Advantest, the world's biggest maker of equipment used to test computer memory chips, rose 90 yen, or 1.1 percent, to 8,200. Tokyo Electron Ltd., the world's second-largest maker of semiconductor production equipment, advanced 80 yen, or 1.3 percent, to 6,190.

They tracked gains by the Philadelphia Semiconductor Index, which advanced 1.2 percent in the U.S.

Global stockpiles of chips will be ``completely cleared out'' early in the April-to-June period after falling 24 percent to $780 million, or four days' worth of stock, in the first quarter, ISuppli Corp. said in an e-mailed statement.

``Exporters and chip stocks are looking attractive given the evidence of inventory worries easing,'' said Koichi Seki, an equity manager at Chuo Securities Co. in Tokyo.

Oil's Slump

Crude oil for May delivery dropped 4 percent to $53.81 a barrel in New York, its biggest one-day decline this year, after the Energy Department reported oil inventories reached the highest since July 2002. In recent Asian trading, the contract fell 0.4 percent to $53.62 a barrel.

The Topix Mining and Oil & Coal Products Indexes were the two worst performers among the 33 industry groups that make up the Topix.

Inpex, Japan's largest oil explorer, tumbled 18,000 yen, or 3.2 percent, to 552,000. Teikoku Oil Co., an oil and natural gas producer, slipped 18 yen, or 2.3 percent, to 771.

Earlier this month, Credit Suisse First Boston said investors should reduce their holdings in Japan's oil-related shares on concern that sales margins are narrowing and demand for petroleum products is slackening.

Sanyo Drops

Elsewhere, Sanyo Electric Co. slumped 13 yen, or 4 percent, to 339 after saying it expects the largest annual loss in its 55- year history, citing costs to repair an earthquake-damaged plant and a slowdown in sales.

The company also said it won't pay a dividend in the second half, reversing its previous plan to pay 3 yen a share.

The forecast prompted Goldman, Sachs & Co. to cut its rating on the stock.

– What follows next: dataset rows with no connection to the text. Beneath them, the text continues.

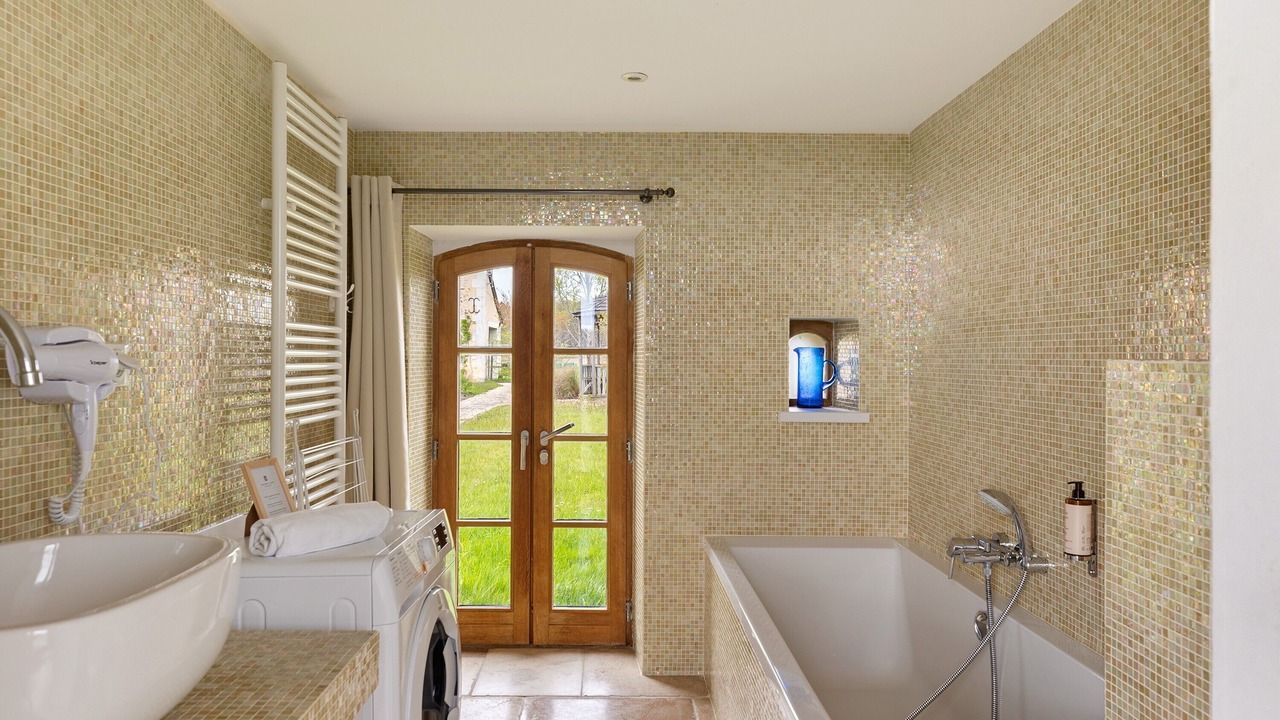 Photo of Bathroom in Ambillou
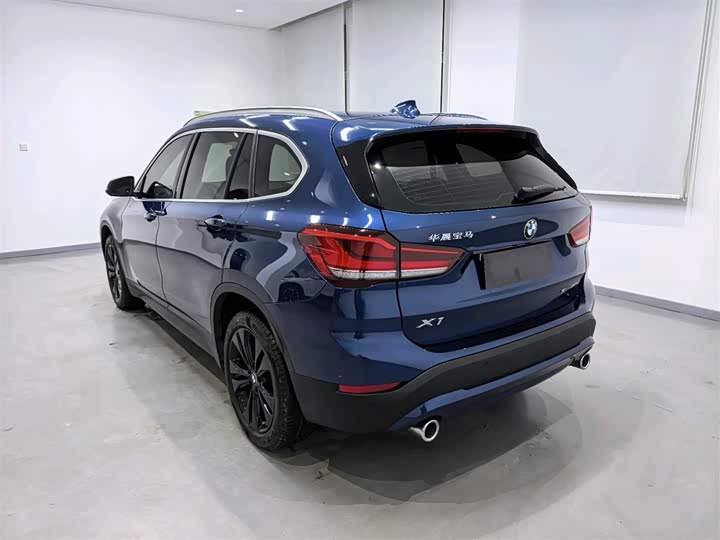 Фото 6 - BMW X1
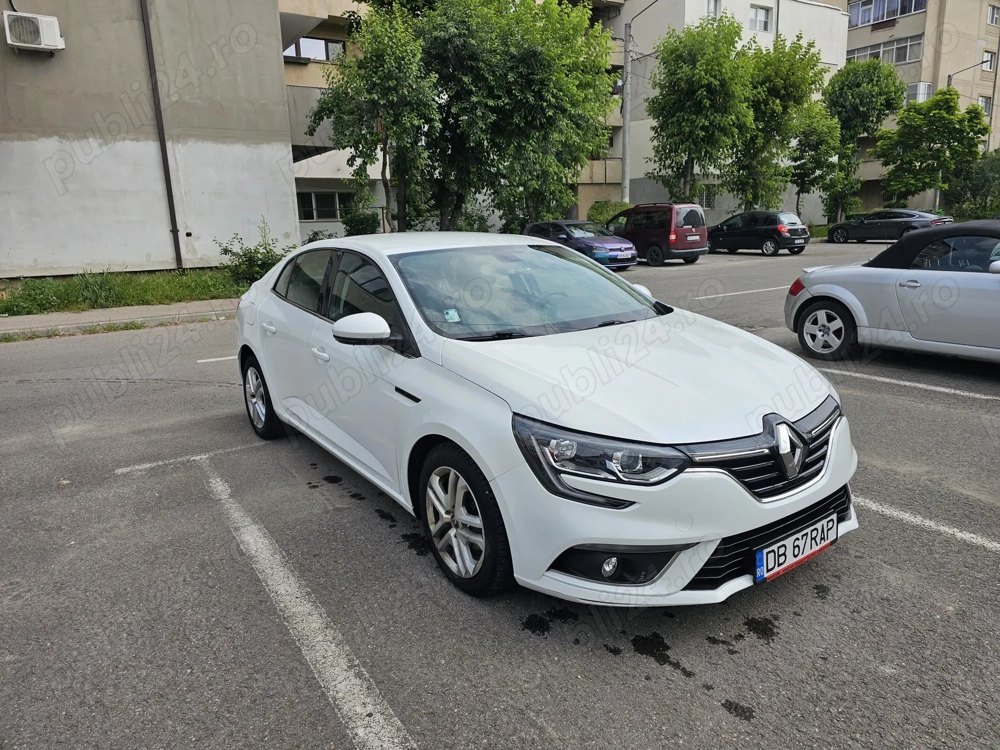 Renault Megane IV Sedan Zen 2016, Navi, cameră marșarier, 125.000 km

TDK Corp., Japan's largest maker of disk-drive parts, advanced 100 yen, or 1.4 percent, to 7,520. The company raised its planned dividend for the six months ending March 31 to 40 yen from 30 yen.

Other companies that previously announced dividend increases gained. Kyocera Corp., the world's largest maker of ceramic packaging used to protect finished microchips, rose 100 yen, or 1.4 percent, to 7,720. KDDI Corp., Japan's second-largest mobile phone operator, added 2,000 yen, or 0.4 percent, to 533,000.